Detail of the cover illustration of Planet Stories magazine issue #10, 1955
I'm a little late to the party on 2010's first big indie release, so I'll just summarize my feelings about Contra: it's an easy album to get to know and like, it aims for an admirable amount of variety for a second album, and it's a little on the short side. Vampire Weekend throw down the gauntlet with their much-quoted opening lyric to "Horchata" - actually, each of the song's rhymes for the title word is a cringe-inducer. I know what the band was going for with those opening lines, but I still have to grit my teeth to get through that first verse - it's worth it, though, because the chorus of "Horchata" blooms into a technicolor explosion of rhythms and layered vocals. Contra is a conventional album in some ways, but it features some quick turns and dynamic shifts, and that's when it's at its best. The clean guitar lines and minimal pop melodies of the band's debut have been replaced with a more varied approach that works more often than it doesn't.
Contra really only has two down-tempo songs ("Taxi Cab" and "I Think Ur a Contra") and they're both excellent, so it's kinda weird that the album has been accused of being sluggish in the momentum department. I think it's because the album's songs often match a rushed-sounding arrangement with a very lackadaisical vocal performance from Ezra Koenig - he only really seems to push the vocals at all on "California English" and "Cousins", but that's fine with me. I like the way he croons and sighs over the songs' driving rhythms. In fact, the run of uptempo songs after the album's near-perfect first half is the album's low point for me. "Run" doesn't employ its dissonant synths quite right and has an irritating chorus hook, and "Cousins" is short on melody and long on manic energy.
The third uptempo song of that run, though, is "Giving Up the Gun", my favorite track on the album. It is also the first of the three longish songs that end the album, along with "Diplomat's Son" (with its distracting but forgivable MIA sample) and the minimalist "I Think Ur a Contra". "Giving Up the Gun" does the urgent-drums/relaxed-vocal thing better than any other track on the album, and it has a couple really great hooks.

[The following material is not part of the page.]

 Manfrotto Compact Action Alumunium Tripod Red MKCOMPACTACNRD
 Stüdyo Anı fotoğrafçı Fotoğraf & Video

Oddly, I've seen it referred to as one of Contra's weaker tracks, so maybe I like different things about this album than other people. It would definitely sound out of place on Vampire Weekend's debut album, and I think that's a good thing. The guys in the band know better than to stay in one place for too long - Contra is them trying out a few different avenues to figure out where to go next, it can be a lot of fun watching them play "chemistry set" with the different aspects of their sound.